La bise

La petite maudite étincelle

La petite maudite étincelle
Photo by: Getty Images/iStockphotoFemale hands packing clothes into a donation box.

Ronds de jambe, chapeau bas et lecture de ces deux images avec intonation réjouie. Quel formidable sentiment que d’entamer une nouvelle année! Une page toute blanche. Toutes possibilités offertes; cultiver le calme, se dépasser, oser une nouvelle recette de pain de viande, FENDRE LE VENT.

Puis, le 7 janvier, retour officiel au travail, s’abattit sur mon crâne comme un coup de pelle d’Annie Wilkes fin prête à craquer une allumette pour Paul. En fait, le 6 janvier, cette horreur, fut nettement pire. Bon d’une part, c’était dimanche. Cette sinistre journée où tout s’anticipe, où tout se craint et rien ne se savoure. Cette journée où les crêpes se fanent avant même d’avoir embrassé le sirop, dans l’expectative de voir le bonheur trépasser. À n’en pas douter, le dernier dimanche des vacances de Noël est un salopard.

Et cette année, il avait revêtu son plus beau coat de cuir. Parce qu’en plus de tous les rêves, les attentes, la pression, les souhaits, les bouts de cœur à recoudre et les espoirs de grand air, il y eut la méthode Konmari. Oh oui. Je fais partie de ceux qui se sont laissé aspirer par la série dont tous jacassent et qui met en vedette Marie Kondo, guillerette Japonaise en jupe à plis, experte en désencombrement, en écrémage de bibelots et en transformation de chaumières étouffées par le trop-plein en havres où tout est trié, classé, où tout respire, tout est lumière, mais surtout, où chaque objet irradie la joie.

Mais ce qui arrive, 
c’est qu’astheure que j’ai visionné la série, je dois gérer l’anxiété d’être cette personne qui n’est pas assez.

Parce que là réside le secret de Marie Kondo; pour déterminer si une blouse, une mitaine de four, un bill d’Hydro ou un portrait de bébé mérite d’être gardé, on doit le serrer contre soi et tâcher de ressentir si ladite chose crée une étincelle de joie en notre plexus solaire. Si tel n’est pas le cas, scrame! on donne, en prenant soin de remercier l’objet (avec risque aigu de se ramasser avec une maison vide et une mitaine de four. À chacun son bonheur, Marie Kondo n’est pas dans le jugement). C’est super. Optimiser sa vie, se questionner sur sa consommation, retrouver son chez-soi.

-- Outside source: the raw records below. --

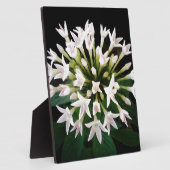 ホワイトペンタス フォトプラーク (側面)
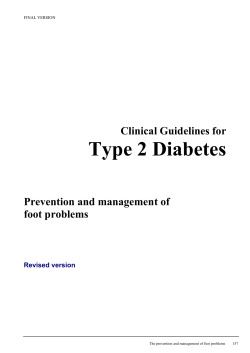 CG10 Type 2 diabetes - footcare: Full guideline, appendices 11-26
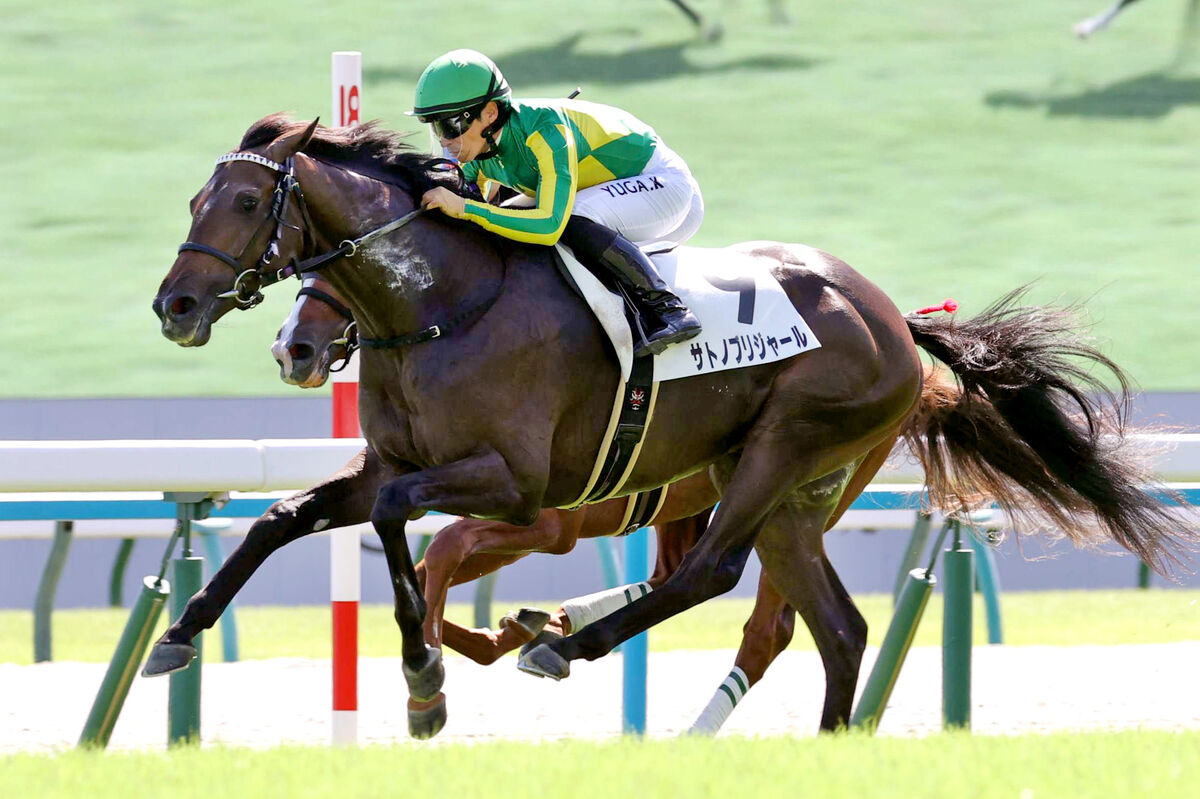 【京都５Ｒ・２歳新馬】良血サトノブリジャールがデビュー勝ち　伯母はＧ１・７勝のジェンティルドンナ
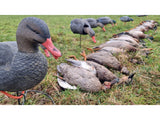 Game On Magnum Mallard 20" Field Decoys 6-Pack: 4 Hens & 2 Drakes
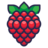 raspberry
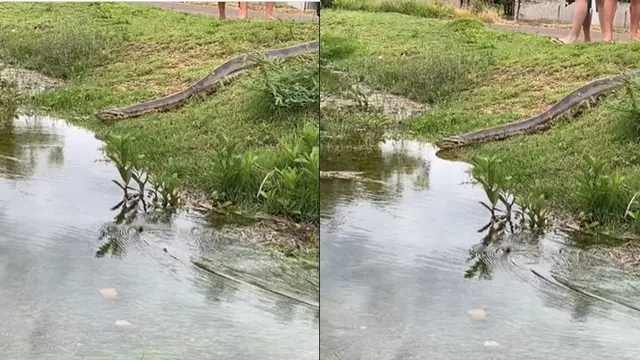 Video Munculnya Ular Anaconda Jumbo di Pemukiman Ini Penampakannya Bikin Ngeri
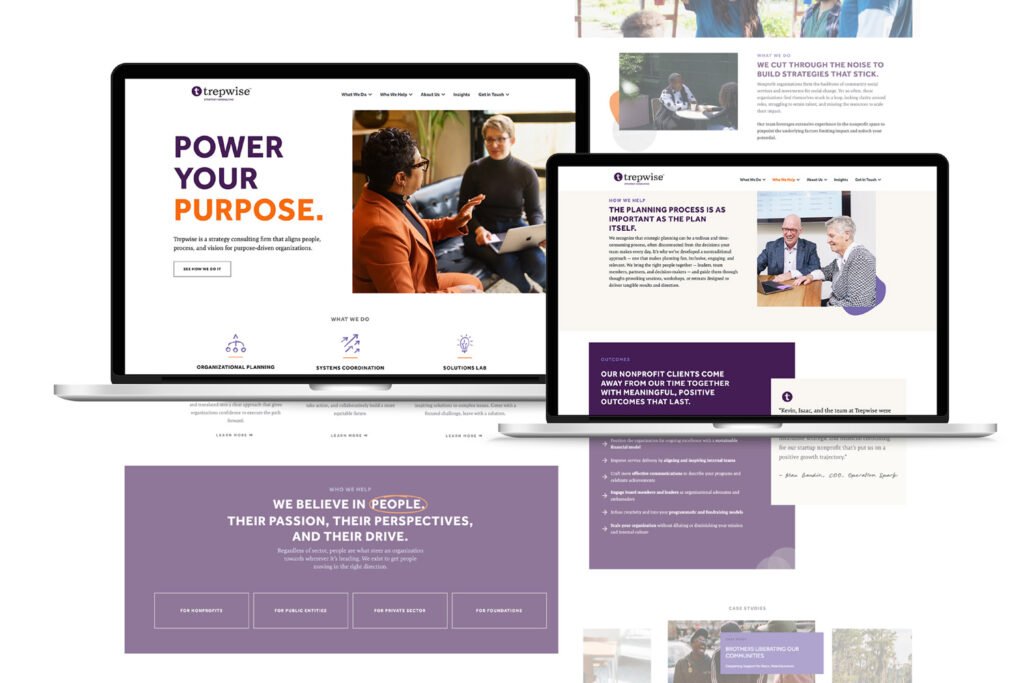 Trepwise consulting firm website pages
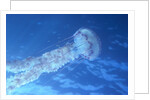 Purple Jellyfish (Pelagia panopyra) by Anonymous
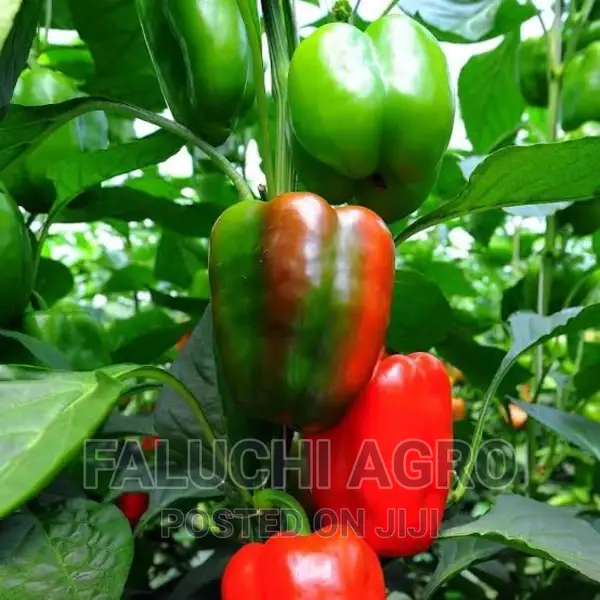 Sweet Red Bell Pepper Seeds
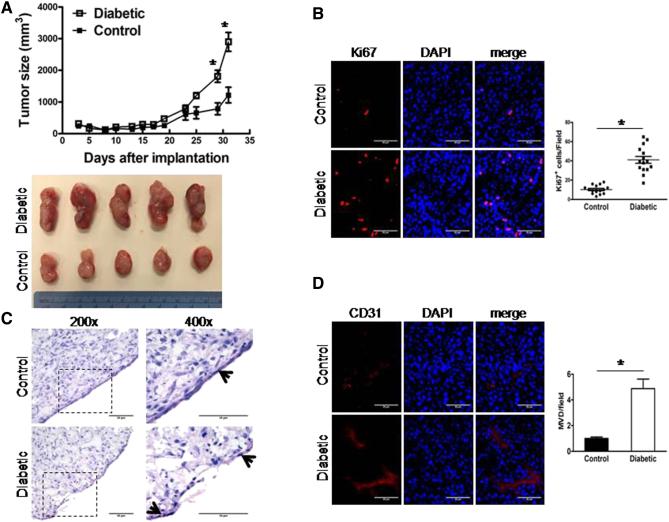 https://cdn.ncbi.nlm.nih.gov/pmc/blobs/eed2/6580091/96afe5d16646/gr7.jpg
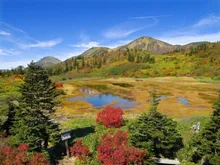 火打山(高谷池周辺)の紅葉 2026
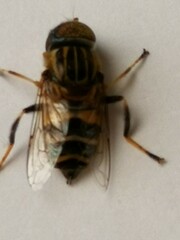 Eristalinus quinquestriatus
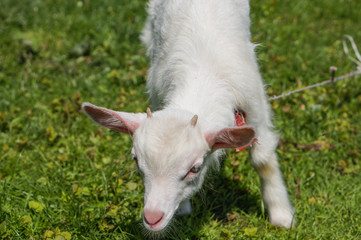 Fototapeta premium standing goat kid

Mais ce qui arrive, c’est qu’astheure que j’ai visionné la série, je dois gérer l’anxiété d’être cette personne qui n’est pas assez. Qui ne possède pas ce gène de la simplicité et de la lumière. Cette personne terrifiée à la perspective de devoir plier ses tisheurtes selon une technique origamique qui façonne des petits rectangles de tissu de la taille d’une rôtie (qu’on aura d’abord pris le temps de CARESSER) pour les disposer debout, en rang d’oignons dans mes nouveaux tiroirs épurés, avec toutes les autres choses mathématiquement classées. Ma vie, cette vie qui s’espérait libérée du fardeau des biens en est désormais une de perpétuel jugement. D’angoisse. De devoir. De cette crainte de craquer et de revenir aux ti-tas dans le garde-robe et de ne plus être en mesure d’évaluer si cette mitaine de four me procure de la joie ou l’envie de me défenestrer.
Ça fait que Marie Kondo, je t’ai mise dans la boîte du Renaissance, j’avais pas de «spark of joy» dans les culottes. La bise.